Among the species of plants which characterise this formation, we may mention Neuropteris elegans, Calamites arenaceus, Voltzia heterophylla, Haidingera speciosa. The Haidingera, belonging to the tribe of Abietinæ, were plants with large leaves, analogous to those of our Damara, growing close together, and nearly imbricated, as in the Araucaria. Their fruit, which are cones with rounded scales, are imbricated, and have only a single seed, thus bearing out the strong resemblance which has been traced between these fossil plants, and the Damara.
Fig. 84.—Branch and cone of Voltzia restored.

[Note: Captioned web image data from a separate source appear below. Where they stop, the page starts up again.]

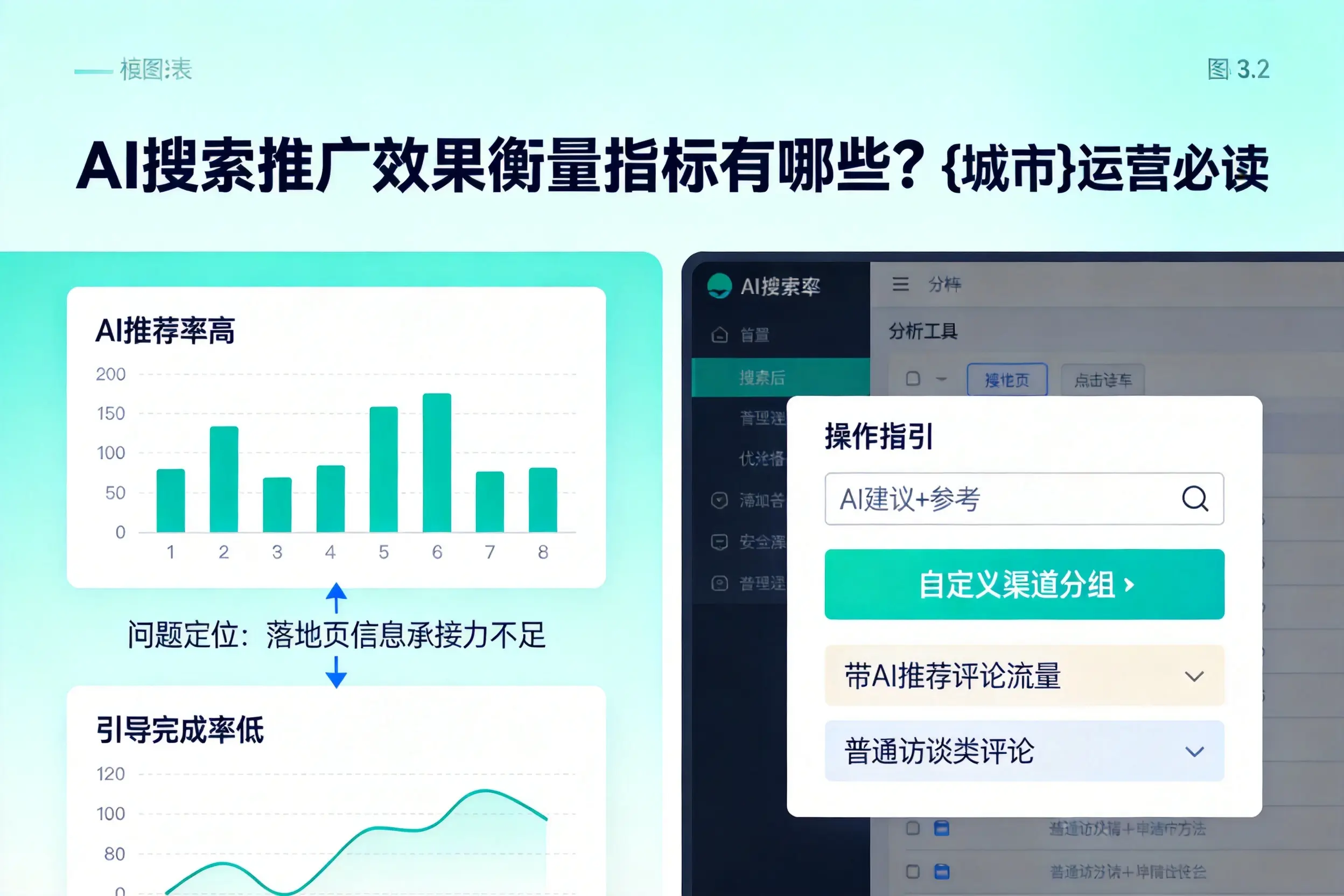 AI搜索推广效果衡量指标有哪些?海北运营必读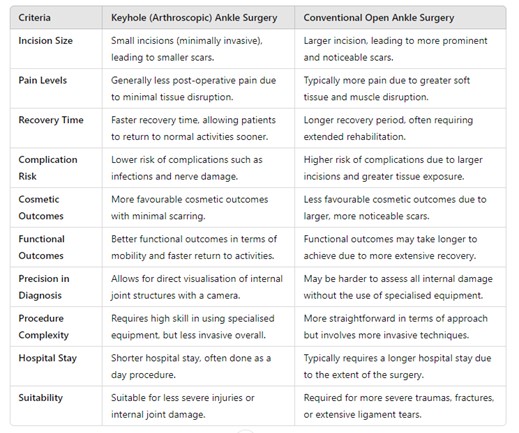 ankle surgery criteria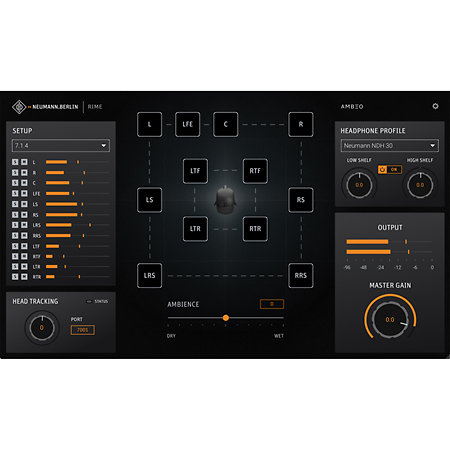 Rime 1.5 Neumann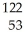 The missing product from this reaction is ________.   I → _____ +   e A)    Te B)    Xe C)    Te D)    e E) none of the above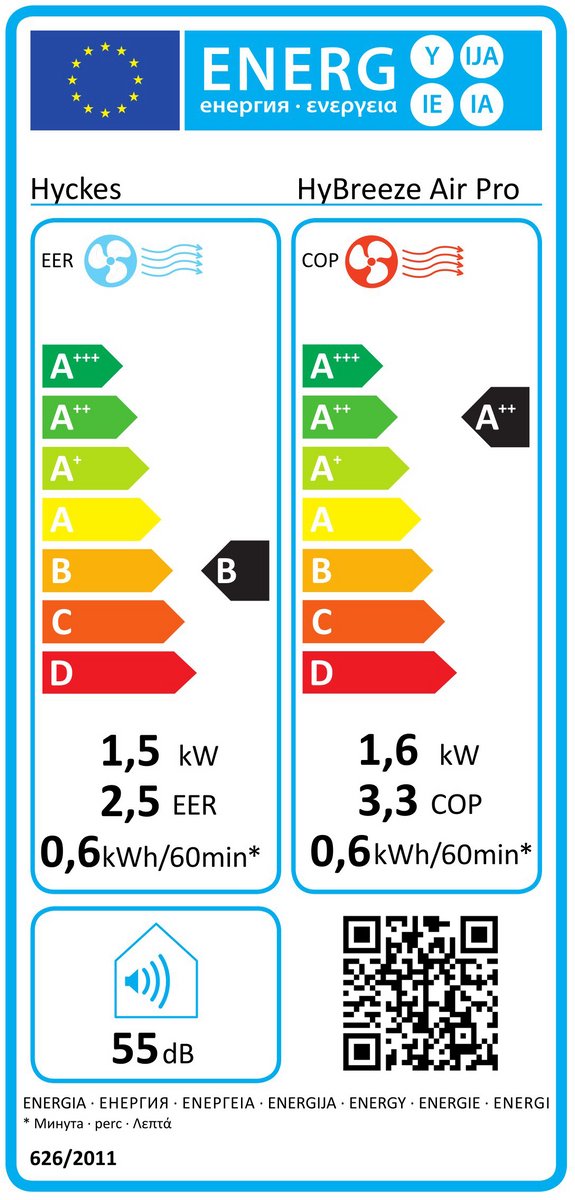 Afbeelding 2 van Hyckes HyBreeze Air Pro - Profi split unit caravan airco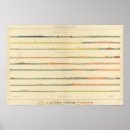 Search for geology posters Sheets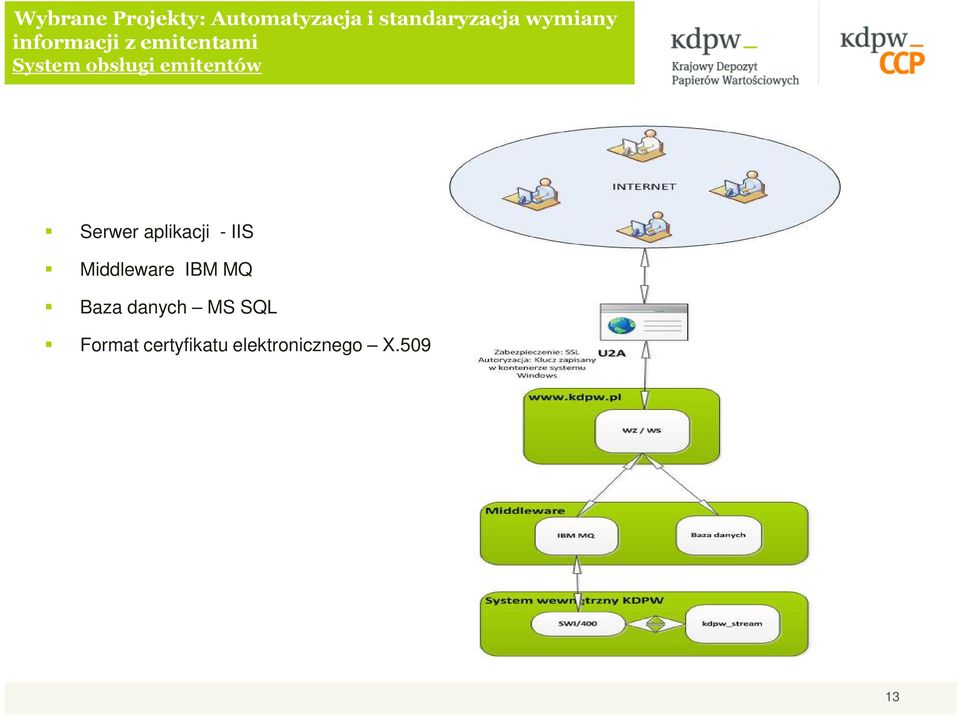 emitentów Serwer aplikacji - IIS Middleware IBM MQ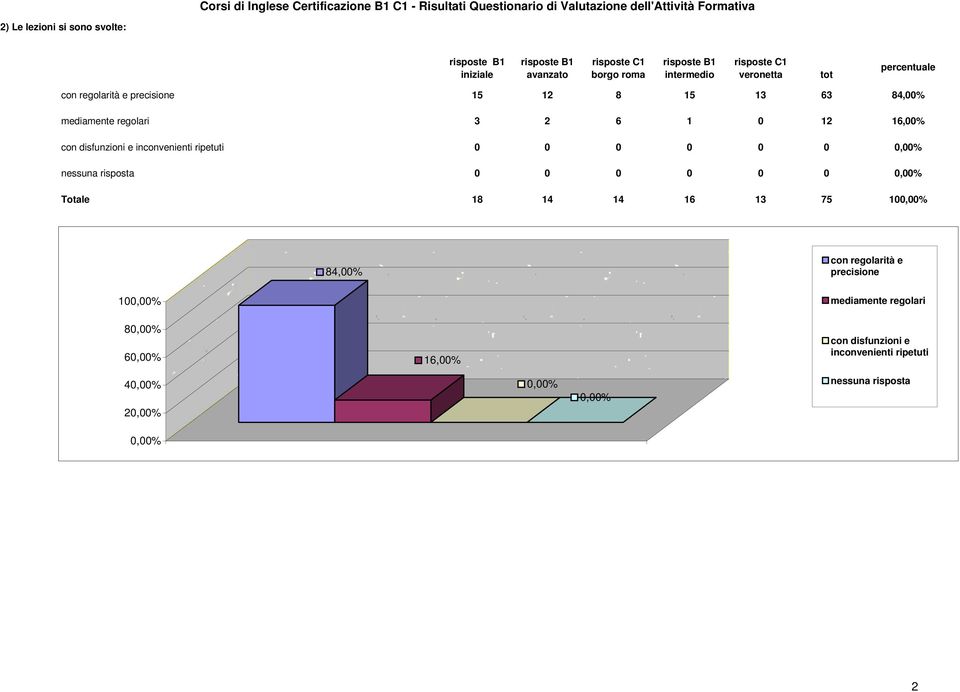 0 0 0 0 0 0 0 0 0 0 0 Totale 18 14 14 16 13 75 10 84,00% con regolarità e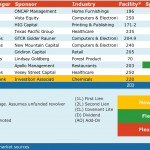 Select Deals in the Market - 3/12/2018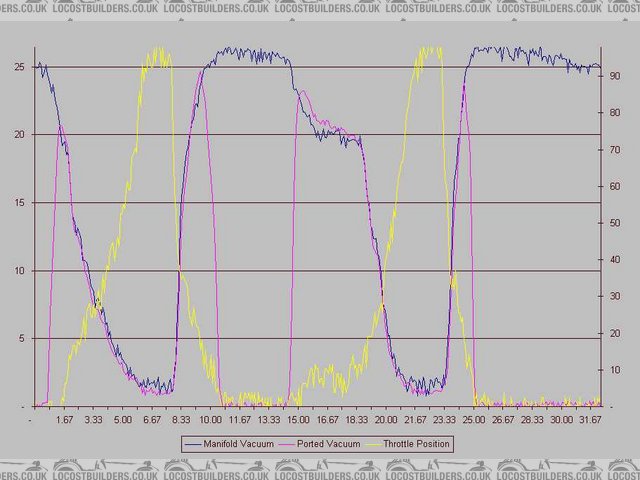 Vacuum Chart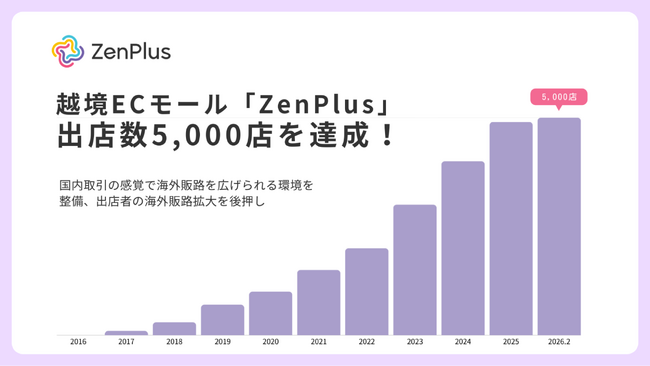 越境ECモール「ZenPlus」出店数5,000店を突破！国内取引の感覚で海外販路を広げる環境を提供、日本企業の海外展開を後押し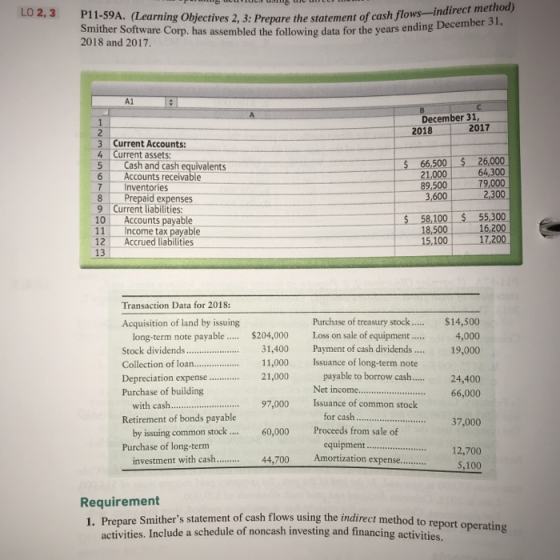 Pumbu VILICA U WC LLC LO 2,3 P11-59A. (Learning Objectives 2.3: Prepare the statement of cash flows Smither Software Corp. ha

The Voltzias ([Fig. 84]), which seem to have formed the greater part of the forests were a genus of Cupressinaceæ, now extinct, which are well characterised among the fossil Conifers of the period. The alternate spiral leaves, forming five to eight rows sessile, that is, sitting close to the branch and drooping, have much in them analogous to the Cryptomerias. Their fruit was an oblong cone with scales, loosely imbricated, cuneiform or wedge-shaped, and, commonly, composed of from three to five obtuse lobes. In [Fig. 84] we have a part of the stem, a branch with leaves and cone. In his “Botanic Geography,” M. Lecoq thus describes the vegetation of the ancient world in the first period of the Triassic age: “While the variegated sandstone and mottled clays were being slowly deposited in regular beds by the waters, magnificent Ferns still exhibited their light and elegantly-carved leaves. Divers Protopteris and majestic Neuropteris associated themselves in extensive forests, where vegetated also the Crematopteris typica of Schimper, the Anomopteris Mongeotii of Brongniart, and the pretty Trichomanites myriophyllum (Göppert). The Conifers of this epoch attain a very considerable development, and would form graceful forests of green trees. Elegant monocotyledons, representing the forms of tropical countries, seem to show themselves for the first time, the Yuccites Vogesiacus of Schimper constituted groups at once thickly serried and of great extent.
“A family, hitherto doubtful, appears under the elegant form of Nilssonia Hogardi, Schimp.; Ctenis Hogardi, Brongn. It is still seen in the Zamites Vogesiacus, Schimp.; and the group of the Cycads sharing at once in the organisation of the Conifers and the elegance of the Palms, now decorate the earth, which reveals in these new forms its vast fecundity. (See [Fig. 72], p. 168.)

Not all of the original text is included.